Your objective - Instruction for the entries below: return the part that opens with the line containing "2021 Audi Q8" and closes with the line containing "YAESU FTM - 150 ASP", exactly, and no pictures.

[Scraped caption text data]
.....

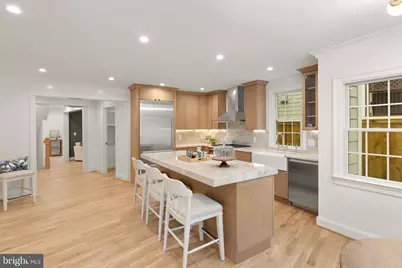 5522 Lincoln Street, Bethesda, MD 20817 - Photo 25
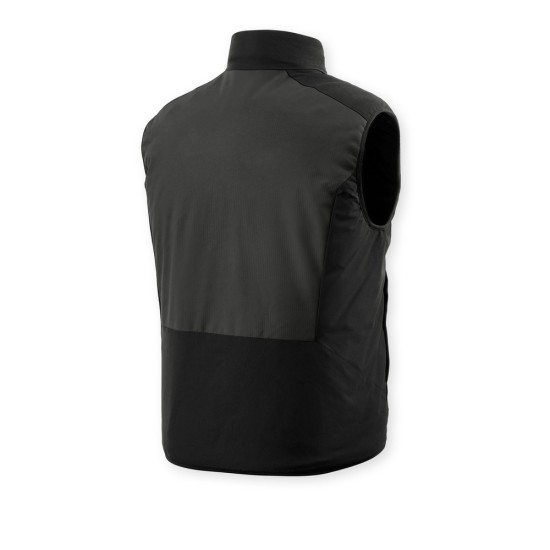 Γιλέκο softshell RevIT Finley μαύρο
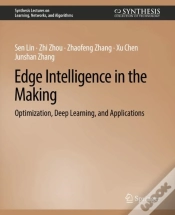 Capa do artigo Edge Intelligence In The Making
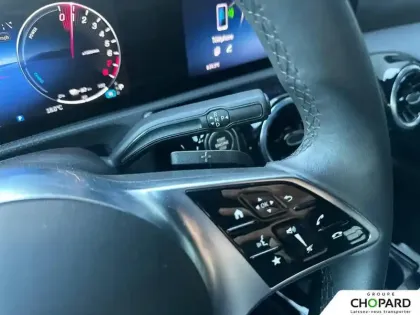 Photo 52 Mercedes Classe A  250 e 8G-DCT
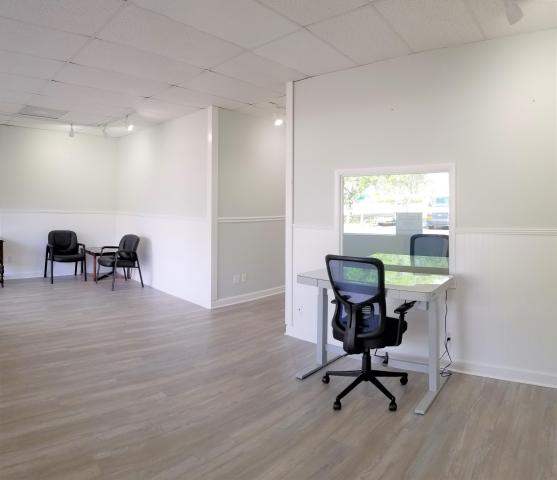 15670 McGregor Blvd #102  Office Space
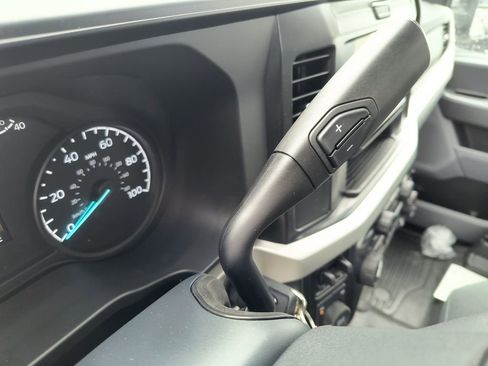 New 2025 Ford F250 XLT image 47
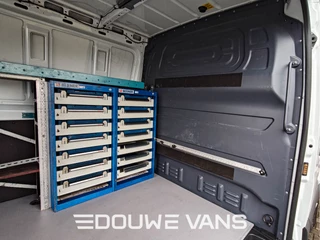 Mercedes-Benz Sprinter 2020 - 315 L2H1 Automaat Inrichting Navi Apple Carplay obrazek 24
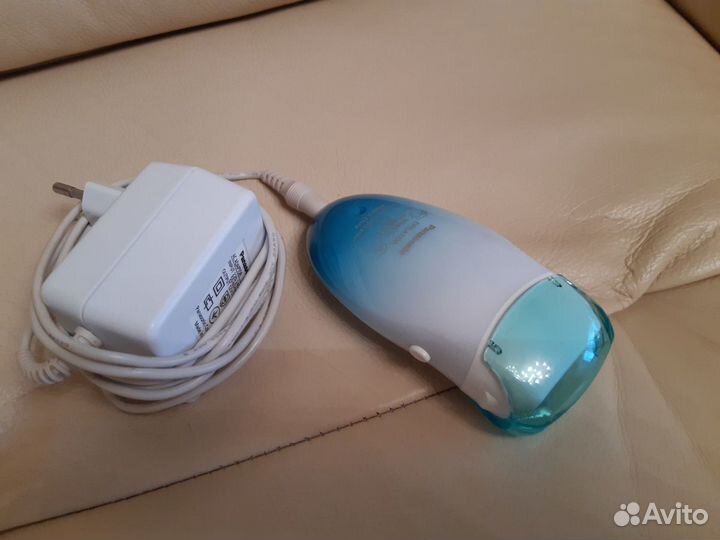 Эпилятор Panasonic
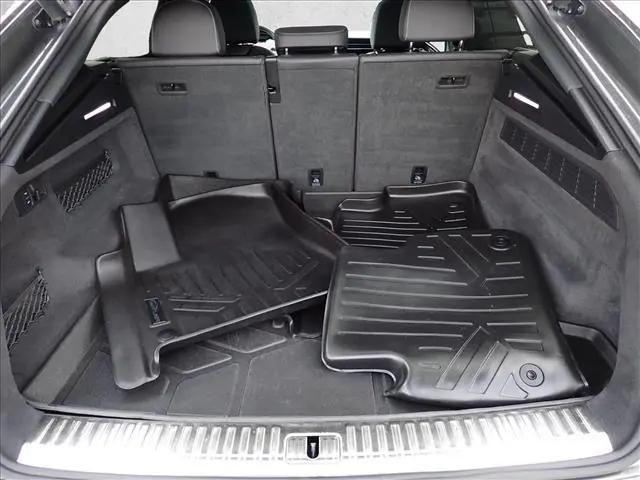 2021 Audi Q8 Prestige 55 TFSI quattro Tiptronic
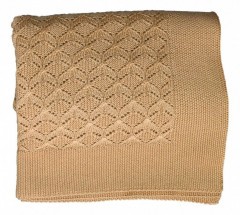 Плед (150x200 см см) Елочка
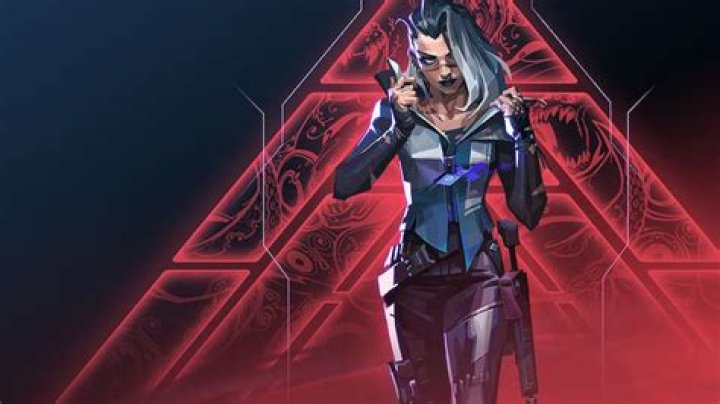 How long is a valorant game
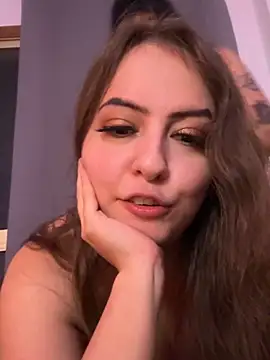 eleonoree online show from 01/06/25, 10:47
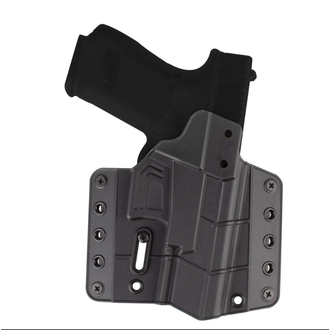 GLOCK 17/19 Polimer Seviye 1 D�� K�l�f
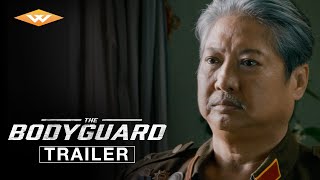 THE BODYGUARD  Trailer | Directed by Sammo Hung | Starring Andy Lau, Eddie Peng, and Hu Jun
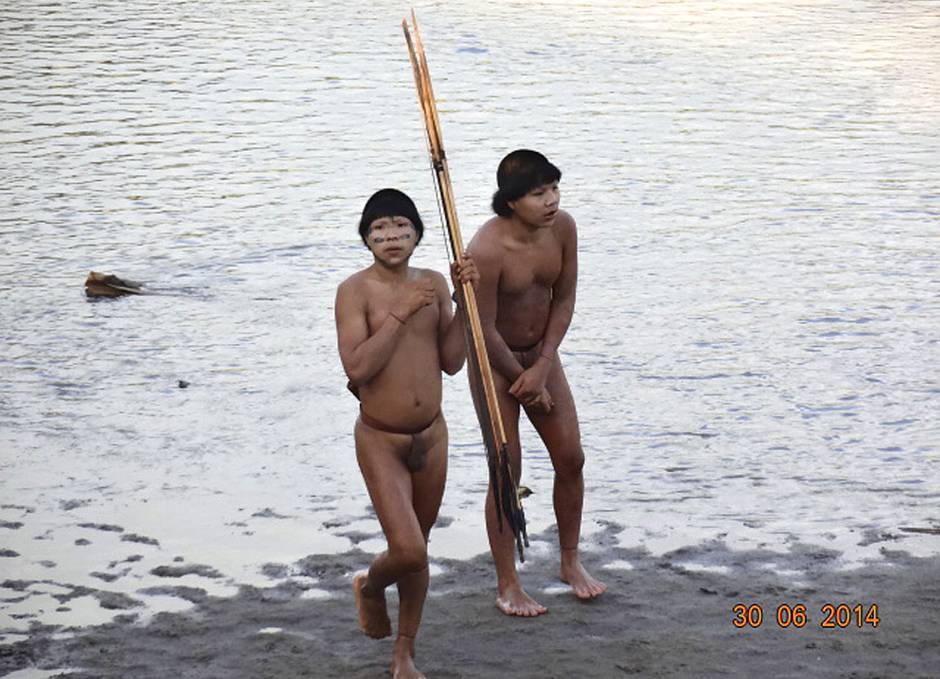 Lost Tribe Of The Amazon Nude Nude Images Comments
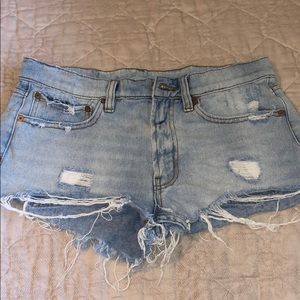 Urban outfitters BDG shorts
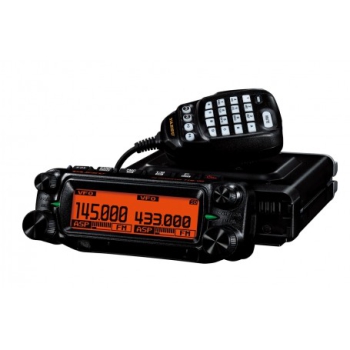 YAESU FTM - 150 ASP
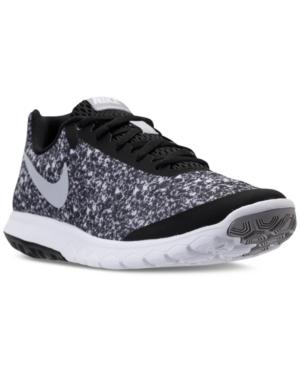Nike Women's Flex Experience Run 6 Premium Running Sneakers From Finish Line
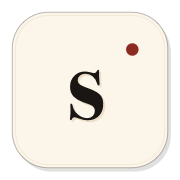 Souffleuse logo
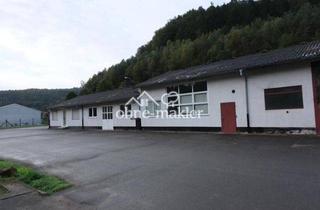 Geschäftslokal mieten in 66976 Rodalben, in 66976: 300qm Büroräume mit Werkhalle (Produktion/Lager/Verkauf/Werkstatt) mit bester Anbindung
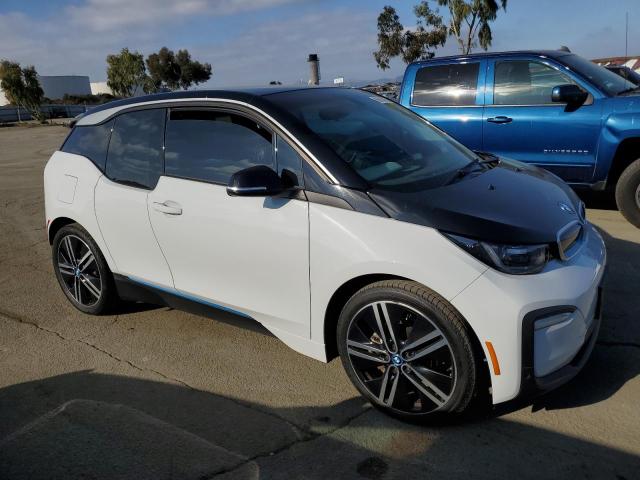 Photo 4 from auction – 2019 BMW I3 BEV with VIN WBY8P2C59K7D28840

.....

Response to the task -
 2021 Audi Q8 Prestige 55 TFSI quattro Tiptronic
 Плед (150x200 см см) Елочка
 How long is a valorant game
 eleonoree online show from 01/06/25, 10:47
 GLOCK 17/19 Polimer Seviye 1 D�� K�l�f
 THE BODYGUARD  Trailer | Directed by Sammo Hung | Starring Andy Lau, Eddie Peng, and Hu Jun
 Lost Tribe Of The Amazon Nude Nude Images Comments
 Urban outfitters BDG shorts
 YAESU FTM - 150 ASP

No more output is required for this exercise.